Tom Lake by Ann Patchett
Tom Lake unfolds during the summer of 2020 as Lara Nelson and her three adult daughters work together on the family’s cherry orchard in Michigan. With the pandemic keeping the girls at home, they urge Lara to revisit the story of her brief romance with actor Peter Duke during her early years as an aspiring performer. As she recounts her past, the novel moves between the present-day rhythms of harvest and the memories of her time in community theatre, her unexpected leap into Hollywood, and the transformative summer she spent at the ‘Tom Lake’ theatre company, where her intense but short-lived relationship with Duke first blossomed.
Patchett uses this interwoven narrative to explore how youthful ambition, heartbreak and chance encounters shape a life.
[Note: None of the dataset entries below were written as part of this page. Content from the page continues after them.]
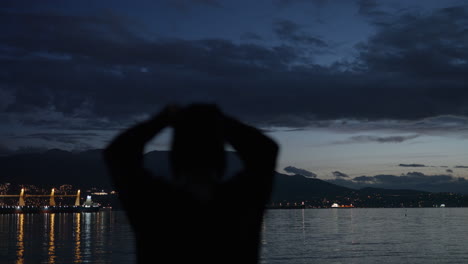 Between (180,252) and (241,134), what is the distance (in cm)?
54

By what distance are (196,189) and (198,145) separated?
0.58 feet

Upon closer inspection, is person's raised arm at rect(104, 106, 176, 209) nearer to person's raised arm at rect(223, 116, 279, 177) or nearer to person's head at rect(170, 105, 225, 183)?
person's head at rect(170, 105, 225, 183)

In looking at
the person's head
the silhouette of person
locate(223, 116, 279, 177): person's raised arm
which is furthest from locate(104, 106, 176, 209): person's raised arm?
locate(223, 116, 279, 177): person's raised arm

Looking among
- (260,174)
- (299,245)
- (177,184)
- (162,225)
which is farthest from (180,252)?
(299,245)

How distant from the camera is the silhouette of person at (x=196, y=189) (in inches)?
77.7

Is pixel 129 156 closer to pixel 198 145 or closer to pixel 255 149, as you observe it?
pixel 198 145

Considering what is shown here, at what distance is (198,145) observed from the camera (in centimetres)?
195

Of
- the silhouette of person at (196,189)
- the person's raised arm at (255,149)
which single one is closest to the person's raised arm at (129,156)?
the silhouette of person at (196,189)

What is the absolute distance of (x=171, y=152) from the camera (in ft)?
6.70

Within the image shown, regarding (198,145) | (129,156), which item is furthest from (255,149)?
(129,156)

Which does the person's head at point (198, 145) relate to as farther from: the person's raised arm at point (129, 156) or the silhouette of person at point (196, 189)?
the person's raised arm at point (129, 156)

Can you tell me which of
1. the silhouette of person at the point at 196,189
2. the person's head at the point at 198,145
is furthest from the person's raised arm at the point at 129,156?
the person's head at the point at 198,145

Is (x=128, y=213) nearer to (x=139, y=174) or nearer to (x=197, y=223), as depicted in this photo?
(x=139, y=174)

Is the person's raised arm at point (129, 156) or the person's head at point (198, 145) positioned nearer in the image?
the person's head at point (198, 145) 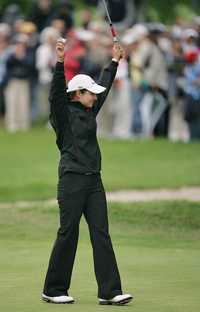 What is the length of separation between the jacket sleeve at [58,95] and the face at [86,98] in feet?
0.55

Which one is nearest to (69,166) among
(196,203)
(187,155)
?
(196,203)

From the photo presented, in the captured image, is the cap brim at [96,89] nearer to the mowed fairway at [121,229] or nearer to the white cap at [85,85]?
the white cap at [85,85]

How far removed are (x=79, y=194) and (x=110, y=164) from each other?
12647 mm

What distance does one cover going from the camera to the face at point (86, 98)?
10219 millimetres

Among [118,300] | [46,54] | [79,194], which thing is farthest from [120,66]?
[118,300]

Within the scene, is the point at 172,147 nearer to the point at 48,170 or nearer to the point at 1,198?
the point at 48,170

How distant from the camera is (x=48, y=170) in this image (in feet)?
71.7

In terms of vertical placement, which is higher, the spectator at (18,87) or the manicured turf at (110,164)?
the spectator at (18,87)

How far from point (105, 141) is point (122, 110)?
74 cm

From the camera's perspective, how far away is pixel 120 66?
24.4 meters

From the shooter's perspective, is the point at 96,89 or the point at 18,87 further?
the point at 18,87

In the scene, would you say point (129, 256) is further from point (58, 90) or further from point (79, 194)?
point (58, 90)

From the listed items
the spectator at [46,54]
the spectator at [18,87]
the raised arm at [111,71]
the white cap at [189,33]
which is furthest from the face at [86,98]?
the spectator at [18,87]

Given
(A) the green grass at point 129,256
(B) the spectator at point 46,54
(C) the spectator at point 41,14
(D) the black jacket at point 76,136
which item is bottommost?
(A) the green grass at point 129,256
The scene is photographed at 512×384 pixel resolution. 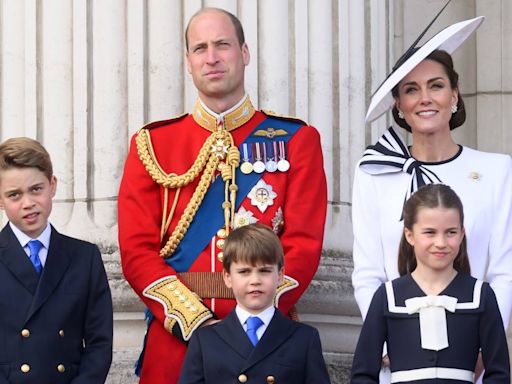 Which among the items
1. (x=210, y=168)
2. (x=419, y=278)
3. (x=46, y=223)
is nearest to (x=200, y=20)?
(x=210, y=168)

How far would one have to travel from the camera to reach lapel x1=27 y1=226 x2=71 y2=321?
598cm

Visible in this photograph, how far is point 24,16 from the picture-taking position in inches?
299

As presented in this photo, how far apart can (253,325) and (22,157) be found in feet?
3.41

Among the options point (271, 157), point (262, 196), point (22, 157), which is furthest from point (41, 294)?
point (271, 157)

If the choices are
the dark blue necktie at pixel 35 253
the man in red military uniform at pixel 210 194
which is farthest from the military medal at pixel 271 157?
the dark blue necktie at pixel 35 253

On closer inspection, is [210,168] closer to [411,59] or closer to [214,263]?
[214,263]

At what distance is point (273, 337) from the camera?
5871mm

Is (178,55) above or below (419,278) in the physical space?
above

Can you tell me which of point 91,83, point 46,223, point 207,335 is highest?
point 91,83

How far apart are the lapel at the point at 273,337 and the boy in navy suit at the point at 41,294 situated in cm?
60

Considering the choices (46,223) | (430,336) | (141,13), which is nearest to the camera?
(430,336)

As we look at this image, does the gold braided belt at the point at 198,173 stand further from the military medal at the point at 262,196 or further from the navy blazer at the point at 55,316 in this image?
the navy blazer at the point at 55,316

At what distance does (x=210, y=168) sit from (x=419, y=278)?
3.48ft

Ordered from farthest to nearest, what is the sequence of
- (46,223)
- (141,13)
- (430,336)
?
(141,13), (46,223), (430,336) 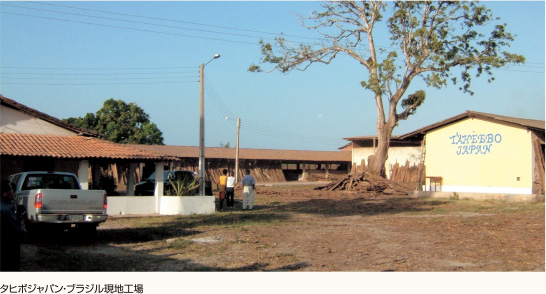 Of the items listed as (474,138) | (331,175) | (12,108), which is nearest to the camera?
(12,108)

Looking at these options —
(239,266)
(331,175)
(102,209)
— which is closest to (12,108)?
(102,209)

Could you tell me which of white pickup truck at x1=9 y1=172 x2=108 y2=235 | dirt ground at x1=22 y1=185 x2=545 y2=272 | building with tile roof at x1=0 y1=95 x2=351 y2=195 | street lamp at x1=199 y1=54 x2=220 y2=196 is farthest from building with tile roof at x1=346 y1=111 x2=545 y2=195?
white pickup truck at x1=9 y1=172 x2=108 y2=235

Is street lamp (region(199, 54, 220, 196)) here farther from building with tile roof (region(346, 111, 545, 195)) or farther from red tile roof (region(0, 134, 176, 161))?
building with tile roof (region(346, 111, 545, 195))

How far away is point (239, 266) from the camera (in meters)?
10.7

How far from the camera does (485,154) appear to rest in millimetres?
28469

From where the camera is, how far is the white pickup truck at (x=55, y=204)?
511 inches

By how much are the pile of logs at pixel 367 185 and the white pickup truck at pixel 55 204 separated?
2375cm

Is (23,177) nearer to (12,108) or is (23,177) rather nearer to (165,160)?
(165,160)

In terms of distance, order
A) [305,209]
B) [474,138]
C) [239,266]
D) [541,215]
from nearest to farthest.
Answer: [239,266] < [541,215] < [305,209] < [474,138]

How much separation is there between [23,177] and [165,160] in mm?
7643

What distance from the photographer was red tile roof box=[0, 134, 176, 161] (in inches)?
763

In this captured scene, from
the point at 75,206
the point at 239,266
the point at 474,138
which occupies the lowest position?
the point at 239,266

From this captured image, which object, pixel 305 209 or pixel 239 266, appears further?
pixel 305 209

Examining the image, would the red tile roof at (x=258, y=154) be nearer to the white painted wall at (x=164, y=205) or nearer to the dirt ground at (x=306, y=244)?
the white painted wall at (x=164, y=205) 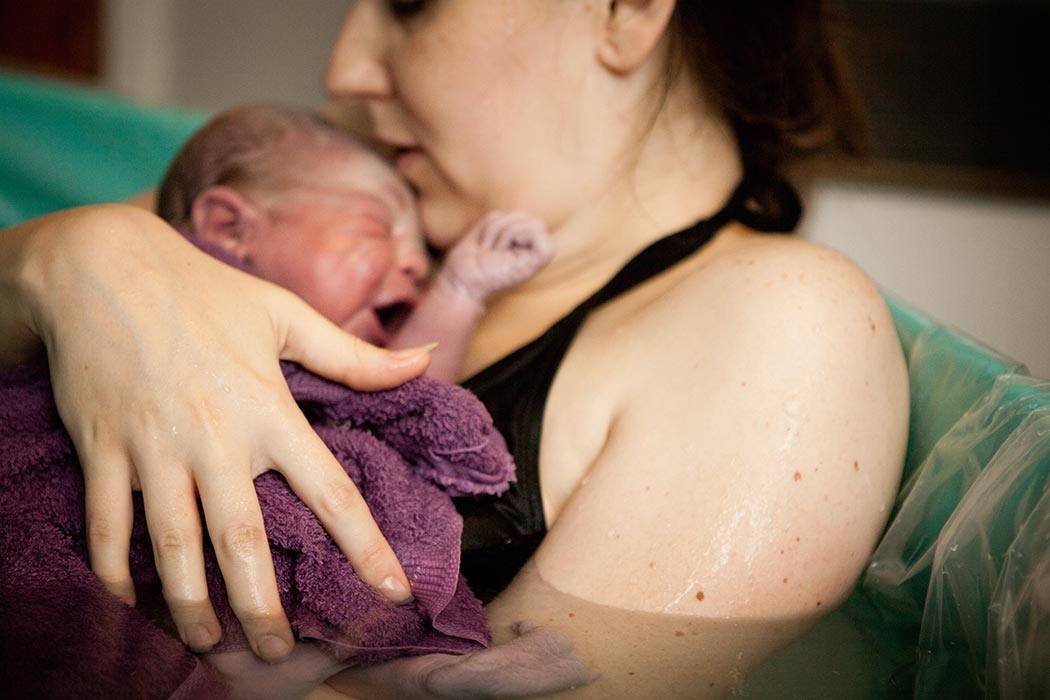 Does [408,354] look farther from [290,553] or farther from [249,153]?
[249,153]

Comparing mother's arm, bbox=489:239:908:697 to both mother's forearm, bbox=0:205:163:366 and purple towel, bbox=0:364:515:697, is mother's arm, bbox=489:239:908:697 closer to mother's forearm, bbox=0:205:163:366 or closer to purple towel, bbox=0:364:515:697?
purple towel, bbox=0:364:515:697

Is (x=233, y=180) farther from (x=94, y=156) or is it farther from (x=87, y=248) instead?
(x=94, y=156)

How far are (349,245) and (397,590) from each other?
0.45m

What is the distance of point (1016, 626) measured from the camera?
2.22ft

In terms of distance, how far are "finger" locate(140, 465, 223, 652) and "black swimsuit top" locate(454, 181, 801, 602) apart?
21cm

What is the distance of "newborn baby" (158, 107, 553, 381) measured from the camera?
98 cm

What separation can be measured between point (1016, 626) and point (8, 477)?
0.71 metres

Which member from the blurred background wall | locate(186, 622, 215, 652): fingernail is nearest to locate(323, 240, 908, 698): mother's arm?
locate(186, 622, 215, 652): fingernail

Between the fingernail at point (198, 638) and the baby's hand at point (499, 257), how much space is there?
46 centimetres

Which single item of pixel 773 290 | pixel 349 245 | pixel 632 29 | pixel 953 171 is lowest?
pixel 953 171

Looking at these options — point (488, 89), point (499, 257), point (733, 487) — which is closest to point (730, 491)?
point (733, 487)

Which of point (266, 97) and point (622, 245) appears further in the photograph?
point (266, 97)

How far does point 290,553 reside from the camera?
0.68 meters

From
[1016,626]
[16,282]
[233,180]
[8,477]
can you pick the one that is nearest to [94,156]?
[233,180] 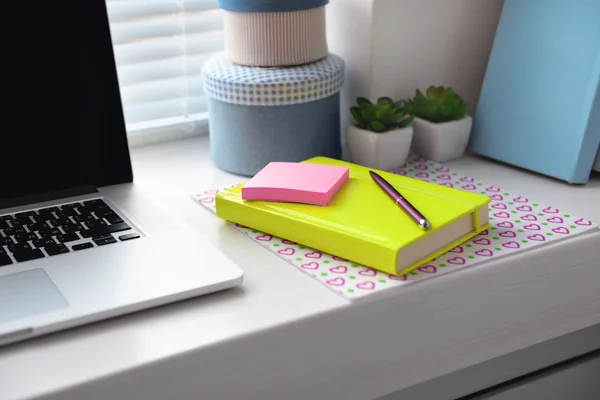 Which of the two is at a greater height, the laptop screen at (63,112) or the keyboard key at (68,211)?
the laptop screen at (63,112)

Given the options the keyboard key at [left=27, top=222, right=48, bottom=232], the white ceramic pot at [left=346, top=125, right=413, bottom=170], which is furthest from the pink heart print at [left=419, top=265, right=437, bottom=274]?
the keyboard key at [left=27, top=222, right=48, bottom=232]

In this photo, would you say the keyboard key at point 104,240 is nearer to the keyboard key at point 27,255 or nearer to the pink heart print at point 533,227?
the keyboard key at point 27,255

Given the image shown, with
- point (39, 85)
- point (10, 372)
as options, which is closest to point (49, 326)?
point (10, 372)

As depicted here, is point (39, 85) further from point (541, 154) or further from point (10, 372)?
point (541, 154)

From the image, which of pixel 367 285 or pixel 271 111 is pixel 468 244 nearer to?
pixel 367 285

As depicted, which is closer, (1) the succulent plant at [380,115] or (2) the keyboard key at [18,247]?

Lara’s reflections reveal how her early dreams gave way to a quieter, more grounded existence on the orchard with her husband Joe, a life defined by steadiness rather than spectacle. The contrast between the daughters’ romanticised curiosity about their mother’s past and the more complicated truths Lara reveals gives the novel its emotional richness. Patchett’s careful character work highlights the tenderness, tensions, and unspoken bonds within the family as they make sense of both past and present.
Tom Lake becomes a gentle meditation on memory, choice, and the unexpected routes to contentment. Its quiet power lies in showing how an ordinary life can hold a depth of meaning that glamorous moments never fully capture.